I realized that truth applies not just to clients, but to therapists, too.
A group practice allows healing to happen on so many levels:
- Clients heal in safe therapeutic relationships
- Therapists grow within supportive professional relationships
- New therapists learn in community, not in fear
- And leaders practice not carrying everything alone
Community is not a “nice extra.” It is a corrective experience.
I Wanted to Teach, Not Just Practice
As I moved deeper into trauma and relationship work, especially EMDR, attachment, and developmental trauma and how that affects our relationships, I found myself mentoring more and more newer clinicians. I also noticed many seasoned clinicians wanted to practice therapy differently yet didn’t quite know how to unlearn from the years and decades of a sterile psychotherapy structure.
They came with strong hearts, solid training, and a deep desire to do this work well! And, they were often overwhelmed, under-supported, and afraid of getting it wrong.
I recognized myself in them.
I wanted to create a place where therapists could learn slowly, be supervised thoughtfully, and develop their clinical voice without being rushed or reduced to productivity metrics.
A teaching group practice allows me to do what I love most:
- Supervise, teach and consult with intention and relationally present
- Translate theory into lived, relational practice
- Normalize uncertainty, depth and nuances
- Model ethical, attuned, human therapy
This practice isn’t just about seeing clients. It’s about forming therapists.

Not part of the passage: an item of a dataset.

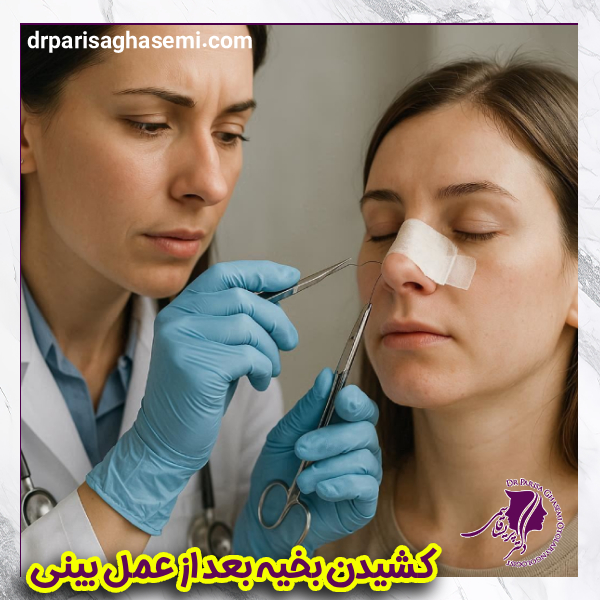 کشیدن بخیه بعد از عمل بینی - دکتر قاسمی 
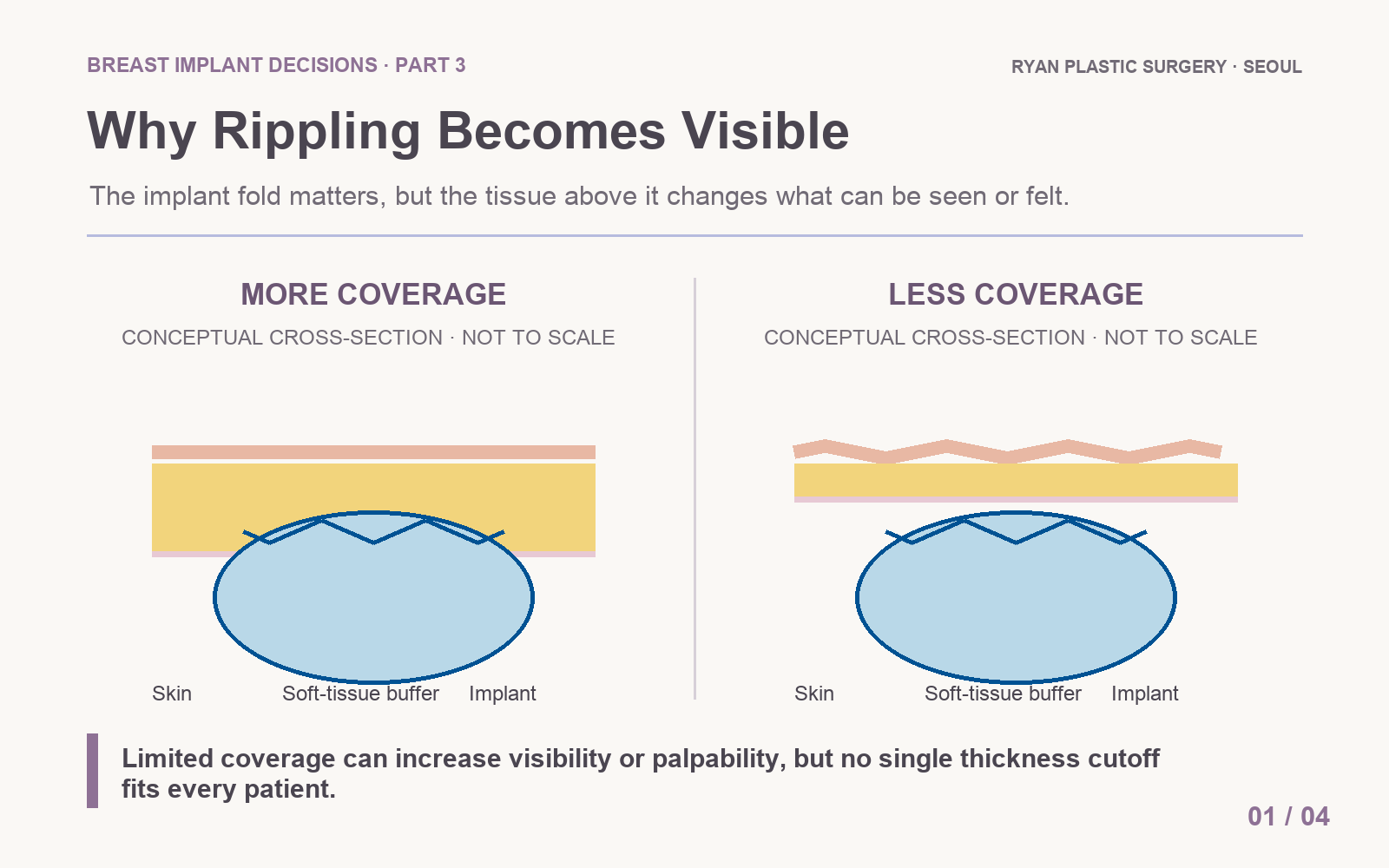 Conceptual cross-section comparing more and less soft-tissue coverage over a rippling breast implant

I Wanted to Expand Access to Good Therapy
I can only see so many clients.
And as much as I value the depth of my own clinical work, I became increasingly aware of the gap between the need for trauma-informed therapy and the availability of it.
Waitlists grew. Calls went unanswered. People needed help now.

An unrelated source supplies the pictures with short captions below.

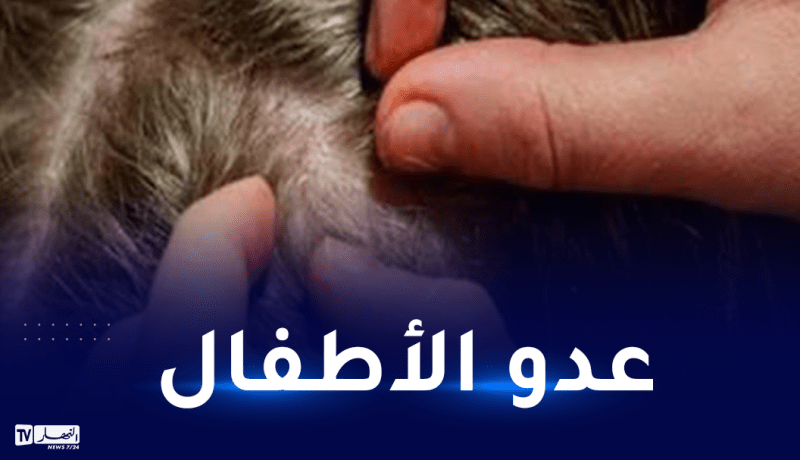 توصية مهمة بخصوص “القمل والمدارس”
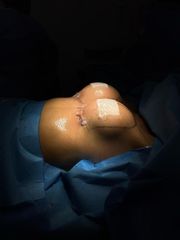 Aumento mamario - Dr. Brian Frick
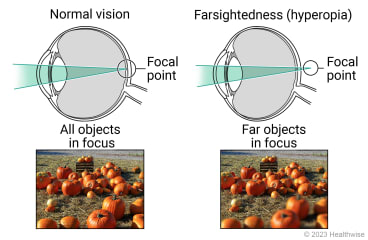 Normal vision, with focal point at retina with all objects in focus, compared to farsightedness, with focal point behind retina and far objects in focus.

Expanding into a group practice wasn’t about replacing my work, it was about multiplying it.
By building a team aligned in values, pacing, and clinical philosophy, we’re able to:
- Serve more individuals, couples, and families
- Offer a range of modalities and perspectives
- Reduce barriers to care
- Hold more stories with care and competence and help more humans heal
This is how I think about growth now: More hands, same heart centered intentionality.
I Wanted to Build Something That Would Outlast Me
At this stage of my life, I think a lot about legacy.
Not legacy as ego. Legacy as continuity.
What happens to the wisdom, the lessons, the hard-earned knowing if it stays only inside me?
A group practice allows me to:
- Codify what I’ve learned into systems, procedures and trainings
- Create training and perspective pathways that reflect my values and wisdom
- Pass on clinical judgment, not just techniques
- Build something that can continue serving long after I step back
This is not about leaving. It’s about leaving something behind.
I Wanted to Practice Leadership That Feels Human
I didn’t want to build a factory. I wanted to build a community.
One where therapists are respected as whole people, deeply human and individuals. Where nervous systems matter. Where supervision is relational, not performative, shaming or ill-advised. Where growth is encouraged, but not at the expense of well-being.
Running a group practice is stretching me, not just as a clinician, but as a leader, teacher, and steward of others’ work and lives. It allows me to be human, make mistakes, repair my mess-ups and take risks while remaining grounded in my human frame, not just my therapeutic frame.
It asks more of me. And it gives more back.
This Is Still About Relationship
At the core, this expansion isn’t a departure from my original work.
It’s an extension of it.
I believe healing happens in relationship. I believe safety is built slowly. I believe both learned and lived experience matter. I believe therapy is a craft and an art, not a formula.
A group practice allows me to live those beliefs in community, not just with clients, but with the therapists who walk alongside me in this work.
This is why I expanded. Not to do more, but to do this differently, together.
If you’re here reading this, whether you’re a client, therapist, student, or fellow traveler, thank you for being part of this unfolding.
We’re building something meaningful. And we’re not doing it alone.